Appellant contends (1) that the premises in controversy were conveyed for railroad purposes and that the provisions in the deed with reference to the maintenance of depots is a covenant, and that there can be no forfeiture until appellant fails to use the premises for railroad purposes; (2) that there has been no abandonment of the premises for depot purposes, that the removal of the depot from tract 1 was temporary, and, if the deed is' to be construed as appellees contend for, there has been no substantial breach of the condition; (3) that the depot not being in existence when the deed was made but was agreed to be constructed in the future, even if the conveyance was upon a condition, it does not bind appellant, the successor of the grantee in the deed.

The deed is a very lengthy instrument, and we deem it necessary to set out only the substance of the parts material to a decision of this controversy.

The Indianapolis, Bloomington and Western Railway Company is the grantee in the deed. The deed recites that it is made in consideration of the advantages and conveniences which may or will result to the grantors from the construction and operation of the railroad as located and surveyed, and in consideration of the location, erection and maintenance, for all time to come, of a passenger depot and a freight depot upon the premises thereinafter described; also in consideration of the faithful performance by the grantee of the covenants and agreements thereinafter mentioned and a consideration of one dollar. The deed recites that it is made to tire grantee, “their successors and assigns forever, for the uses and purposes hereinafter mentioned, and for none other.” Then follows a description of the premises, after which the deed recites that the premises are conveyed to the grantee for “railroad purposes only,” and that by the acceptance of the deed the grantee covenants and agrees with the grantors that it will erect and maintain a suitable passenger depot on that part of the premises designated as tract I, and that it shall not have the right to erect any other buildings on said tract except such other buildings as may. be necessary for the accommodation and convenience of passengers and passenger traffic, the intention of the grantors being that said tract shall be devoted exclusively to the accommodation of passengers and passenger traffic. The grantee also covenants and agrees with grantors to erect and maintain a suitable and sufficient freight depot, and further covenants and agrees “that in case of non-user of said premises so conveyed for the uses and purposes aforesaid, that then and in that case the title to said premises shall revert back to said parties of the first part, [grantors,] their heirs, executors, administrators and assigns.” The habendum clause recites that the grantee, its successors and assigns, are to have and hold the premises forever, “subject, nevertheless, to all the conditions, covenants, agreements and limitations in this deed expressed,” and further recites that the user of the premises for twenty-years or more shall not impair or abridge any of the conditions of the deed or be construed as a limitation upon any of the rights of the grantors, their heirs and assigns.

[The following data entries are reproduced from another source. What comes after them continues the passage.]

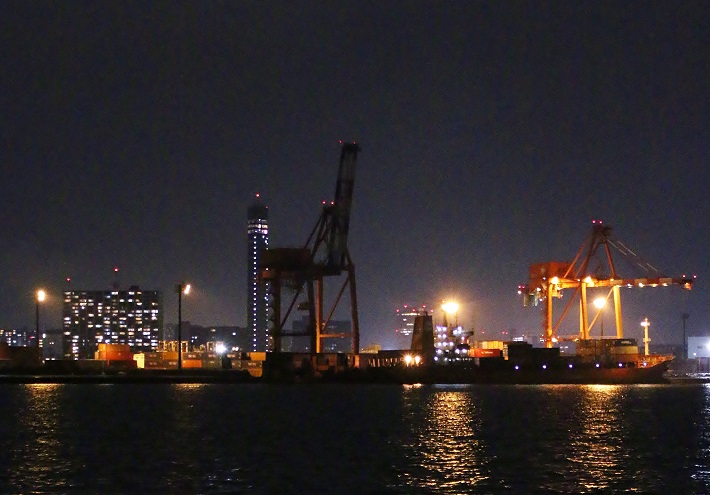 工場夜景クルーズ 港のきりんガントリークレーン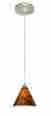 1xp-512118-sn 12-volt Besa Lighting Hi Kani 1-light Mini-pendant Amber Cloud Art Glass Shade W S 767893599669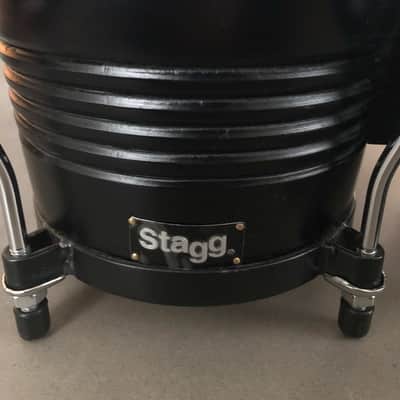 Stagg 7.5 x 6.5 Latin Wood Bongos Black Bild 1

While conditions subsequent are not favored in law and in case of doubt courts incline against such estate, yet where the restrictions are not opposed to public policy it is lawful to create such estates, and where the intention is clear that such an estate was intended, courts will give effect to and enforce them. (Star Brewery Co. v. Primas, 163 Ill. 652; Eckhart v. Irons, 128 id. 568; Lyman v. Suburban Railroad Co. 190 id. 320; 2 Elliott on Railroads, sec. 939; C., C., C. and I. Ry. Co. v. Coburn, 91 Ind. 557; Horner v. Chicago, Milwaukee and St. Paul Railway Co. 38 Wis. 165.) We think no other reasonable construction can be placed upon the deed here in question than that it created an estate in the grantee upon condition subsequent. The grantors expected to receive benefits to other property owned by them from the construction of the road and the erection and maintenance of depots upon the property in dispute. They therefore, without other consideration, donated or conveyed it to the grantee upon the faith of its undertaking and promise to keep and perform its agreements recited in the deed. The property was conveyed to the grantee for 'railroad purposes, but the particular railroad purposes were the erection arid maintenance thereon of depots.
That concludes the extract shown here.